Aber der Mieterschutz findet weiter Berücksichtigung?

Scharrenbach: Der findet immer Berücksichtigung. Sie haben in Deutschland ein Mieterrecht, das in NRW aber durch viele Verordnungen Begleitung gefunden hat. In Köln gelten beispielsweise die Kappungsgrenzenverordnung, die Mietpreisbremse und die Kündigungssperrfrist, aber all das hat nicht dazu geführt, dass sich die Erst- und Wiedervermietungsmieten stabilisiert hätten.

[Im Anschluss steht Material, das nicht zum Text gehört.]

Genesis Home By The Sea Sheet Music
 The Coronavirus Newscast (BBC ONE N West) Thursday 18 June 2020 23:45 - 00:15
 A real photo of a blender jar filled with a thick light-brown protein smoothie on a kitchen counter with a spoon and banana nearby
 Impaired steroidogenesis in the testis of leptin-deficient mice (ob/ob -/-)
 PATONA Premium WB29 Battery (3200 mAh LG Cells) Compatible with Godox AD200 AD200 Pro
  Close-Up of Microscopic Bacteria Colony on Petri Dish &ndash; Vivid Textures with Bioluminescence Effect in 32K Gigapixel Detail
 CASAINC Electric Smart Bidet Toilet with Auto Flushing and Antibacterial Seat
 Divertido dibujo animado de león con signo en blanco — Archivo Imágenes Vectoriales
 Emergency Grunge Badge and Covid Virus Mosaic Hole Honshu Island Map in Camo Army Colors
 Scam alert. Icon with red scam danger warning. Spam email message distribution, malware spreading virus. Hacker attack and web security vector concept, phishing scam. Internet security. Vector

Früher führte das Ministerium Emanzipation im Titel, jetzt Gleichstellung. Der Grund dafür?

Scharrenbach: Wir wollen den Gleichstellungsbereich zu einem Diversity Management (Nutzung sozialer Vielfalt) weiterentwickeln. Der Begriff Emanzipation kommt aus einer frühen Zeit, der ich mich nicht so verbunden fühle. Gleichstellung ist als Begriff für den Abbau von Unterschieden zwischen Männern und Frauen wesentlich aktueller.

Sie sind Befürworterin der Frauenquote.

Scharrenbach: Am besten funktioniert es ohne Gesetz und am besten in der Verteilung 50:50. Die Frauenquote von 40 Prozent ist im Landesgleichstellungsgesetz hinterlegt und sie gilt für die Landes- wie für die kommunale Ebene. Aber dort sind noch zu wenige Frauen in leitenden Funktionen zu finden.

Was wollen Sie in fünf Jahren erreicht haben?

Scharrenberg: Ich hoffe, dass die kommunale Familie mit der Finanzausstattung zufriedener ist. Ich hoffe, dass wir es hinbekommen, Wohnungsmärkte zu entspannen und eine Stabilisierung der Mieten hinzubekommen. Und ich hoffe, dass wir die Bekämpfung von Gewalt gegen Frauen und Männer vorangebracht haben. Zu dem Thema werden wir auch eine Landeskoordinierungsstelle schaffen. Bisher kommen nur sieben Prozent aller Sexualdelikte zur Anzeige. Das ist deutlich zu wenig.